* **EXERCISE DETAILS**
Copy each line below that includes "Gonadotropin".

──────── SOURCE MATERIAL ────────

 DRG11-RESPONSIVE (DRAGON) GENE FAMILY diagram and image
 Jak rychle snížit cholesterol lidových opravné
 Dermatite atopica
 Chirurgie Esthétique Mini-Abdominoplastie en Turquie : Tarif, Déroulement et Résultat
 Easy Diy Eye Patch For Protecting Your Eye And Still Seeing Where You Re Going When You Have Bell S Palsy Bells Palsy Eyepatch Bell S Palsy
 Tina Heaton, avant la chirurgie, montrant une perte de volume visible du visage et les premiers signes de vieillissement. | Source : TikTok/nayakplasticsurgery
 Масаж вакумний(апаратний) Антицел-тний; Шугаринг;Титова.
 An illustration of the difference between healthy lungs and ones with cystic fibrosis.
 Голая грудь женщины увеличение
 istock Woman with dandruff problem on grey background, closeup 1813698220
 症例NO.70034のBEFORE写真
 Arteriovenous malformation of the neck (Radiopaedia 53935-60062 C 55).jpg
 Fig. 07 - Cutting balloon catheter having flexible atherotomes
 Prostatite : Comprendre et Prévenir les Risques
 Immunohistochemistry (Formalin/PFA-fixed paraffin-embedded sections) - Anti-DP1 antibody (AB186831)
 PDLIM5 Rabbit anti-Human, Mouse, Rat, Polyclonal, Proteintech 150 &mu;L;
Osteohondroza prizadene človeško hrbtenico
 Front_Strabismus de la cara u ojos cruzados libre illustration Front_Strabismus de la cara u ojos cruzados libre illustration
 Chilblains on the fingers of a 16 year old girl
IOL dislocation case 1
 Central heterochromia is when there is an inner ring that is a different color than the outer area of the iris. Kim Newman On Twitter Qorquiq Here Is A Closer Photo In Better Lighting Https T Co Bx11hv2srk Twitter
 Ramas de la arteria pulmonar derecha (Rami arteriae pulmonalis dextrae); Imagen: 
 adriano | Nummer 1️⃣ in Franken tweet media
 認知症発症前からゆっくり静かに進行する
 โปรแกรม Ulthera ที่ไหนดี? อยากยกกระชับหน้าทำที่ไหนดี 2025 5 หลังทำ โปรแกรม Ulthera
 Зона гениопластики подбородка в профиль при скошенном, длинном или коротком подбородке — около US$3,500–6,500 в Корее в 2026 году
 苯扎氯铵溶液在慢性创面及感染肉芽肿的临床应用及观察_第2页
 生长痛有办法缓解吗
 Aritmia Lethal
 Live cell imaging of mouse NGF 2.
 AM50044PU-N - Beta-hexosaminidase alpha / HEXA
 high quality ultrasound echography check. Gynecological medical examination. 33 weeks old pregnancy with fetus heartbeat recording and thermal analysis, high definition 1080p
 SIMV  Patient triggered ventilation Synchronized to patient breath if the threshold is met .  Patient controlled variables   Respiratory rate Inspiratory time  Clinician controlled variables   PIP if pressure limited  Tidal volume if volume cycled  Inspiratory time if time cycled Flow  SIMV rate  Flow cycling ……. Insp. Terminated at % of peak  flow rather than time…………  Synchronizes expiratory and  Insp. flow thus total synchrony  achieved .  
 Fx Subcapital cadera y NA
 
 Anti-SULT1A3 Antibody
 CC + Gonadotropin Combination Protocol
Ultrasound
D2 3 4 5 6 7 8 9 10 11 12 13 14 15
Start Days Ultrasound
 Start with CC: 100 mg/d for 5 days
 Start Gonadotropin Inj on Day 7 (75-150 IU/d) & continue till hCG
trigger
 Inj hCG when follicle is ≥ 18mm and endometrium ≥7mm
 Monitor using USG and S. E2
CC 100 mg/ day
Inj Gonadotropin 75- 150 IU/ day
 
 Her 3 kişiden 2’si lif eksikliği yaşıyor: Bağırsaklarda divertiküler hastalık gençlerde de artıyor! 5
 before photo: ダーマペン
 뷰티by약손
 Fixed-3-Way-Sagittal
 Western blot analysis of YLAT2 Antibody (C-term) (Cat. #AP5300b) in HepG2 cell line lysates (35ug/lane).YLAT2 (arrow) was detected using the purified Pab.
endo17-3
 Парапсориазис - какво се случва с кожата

────────

* **WRITTEN RESPONSE**
 CC + Gonadotropin Combination Protocol
 Start Gonadotropin Inj on Day 7 (75-150 IU/d) & continue till hCG
Inj Gonadotropin 75- 150 IU/ day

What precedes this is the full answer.